The selections which we print in this volume are from the Mishna, and form part of the Sedarim, or orders; in them are given minute directions as to the ceremonial practice of the Jewish religion.

The treatise on "Blessings" speaks of daily prayers and thanksgiving. It is most minute in prescribing the position of the body, and how the voice is to be used in prayer. It specifies the prayers to be said on seeing signs and wonders, on building a house, on entering or leaving a city; and how to speak the name of God in social salutations. That on the "Sabbatical Year" is a discourse on agriculture from a religious point of view.
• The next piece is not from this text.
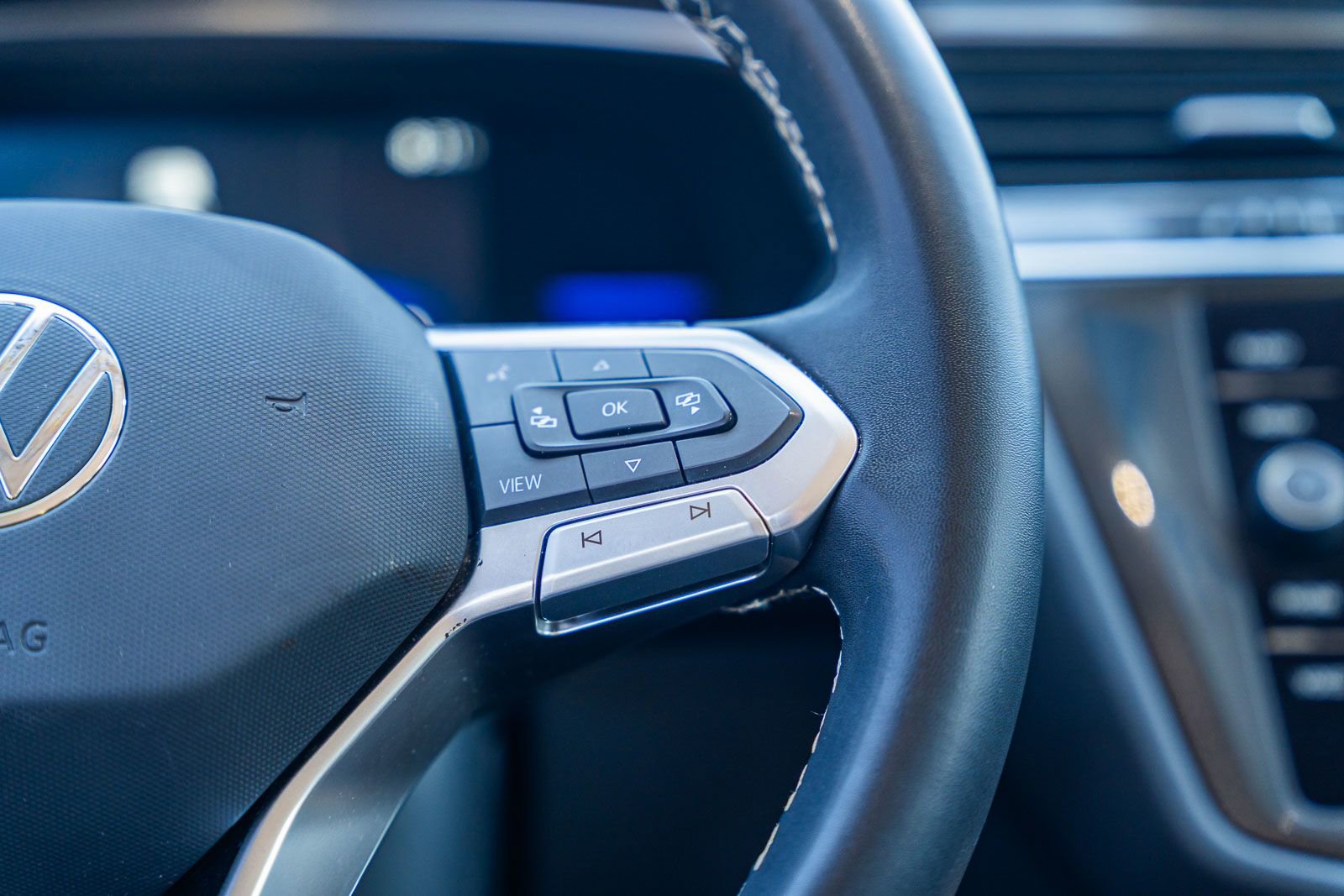 Used 2023 Volkswagen Tiguan SE image 27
The Sabbatical year among the Hebrews was every seventh year, in which the land was to be left fallow and uncultivated, and all debts were to be remitted or outlawed. Provision is made in this section for doing certain necessary work, such as picking and using fruits which may have grown without cultivation during the Sabbatical year, with some notes on manuring the fields, pruning trees and pulling down walls. Very interesting is the section which deals with "The Sabbath Day." The most minute and exhaustive account is given of what may and what may not be done on the seventh day.

The treatise on "The Day of Atonement" deals with the preparation and deportment of the high-priest on that day. That on "The Passover" treats of the Lamb to be sacrificed, of the search for leaven, so that none be found in the house, and of all the details of the festival. "Measurements" is an interesting and valuable account of the dimensions of the Temple at Jerusalem. "The Tabernacle" deals with the ritual worship of the Jews under the new conditions of their exile from Palestine.
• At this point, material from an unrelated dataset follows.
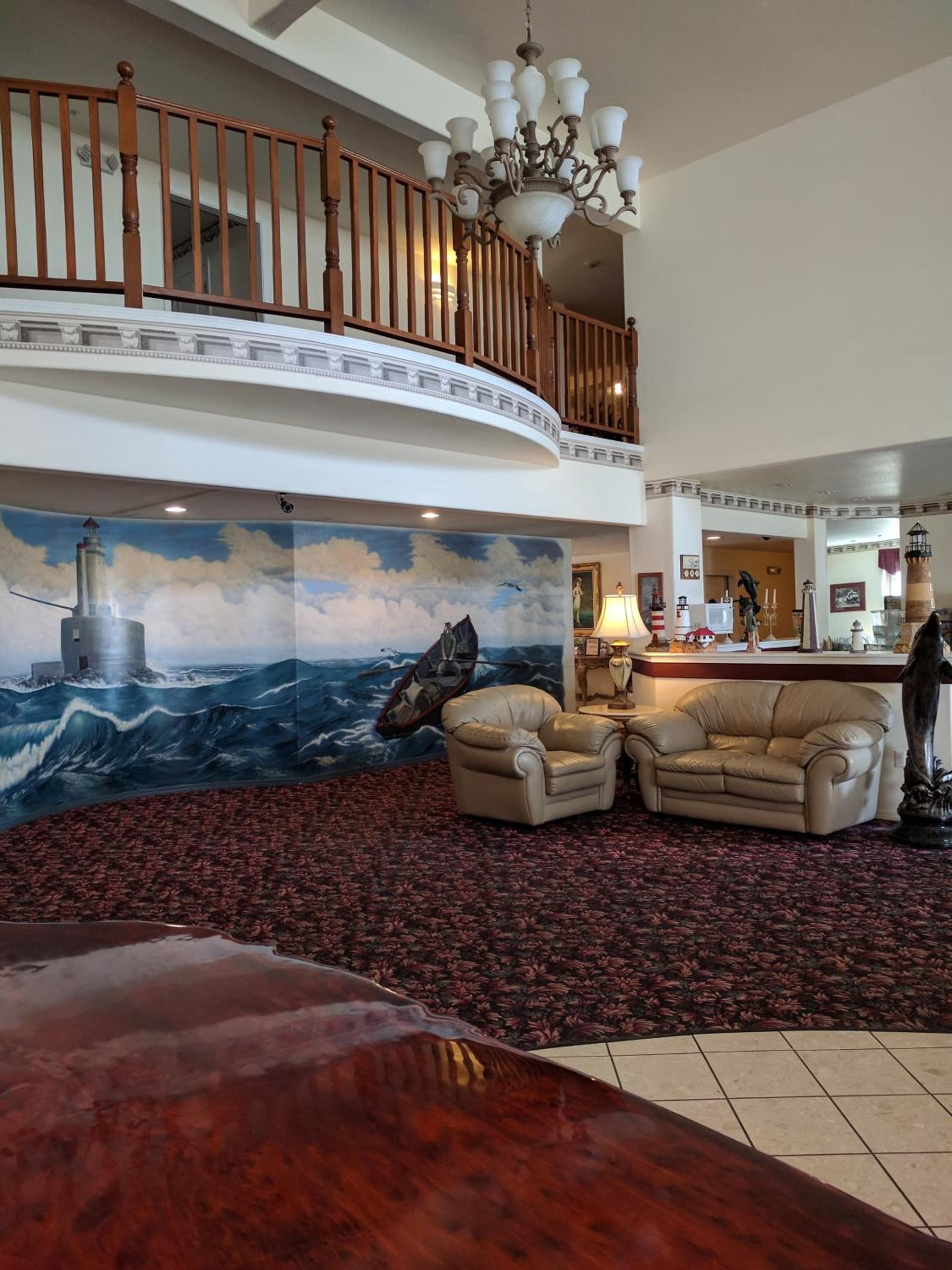 Lighthouse Inn interior in Crescent City, CA — gallery photo 2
All of these treatises show the vitality of Jewish religion in Europe, under the most adverse circumstances, and illustrate the place which the Talmud must have occupied in Jewish history, as supplying a religious literature and a code of ritual and worship which kept Judaism united, even when it had become banished and dissociated from Palestine, Jerusalem, and the Temple.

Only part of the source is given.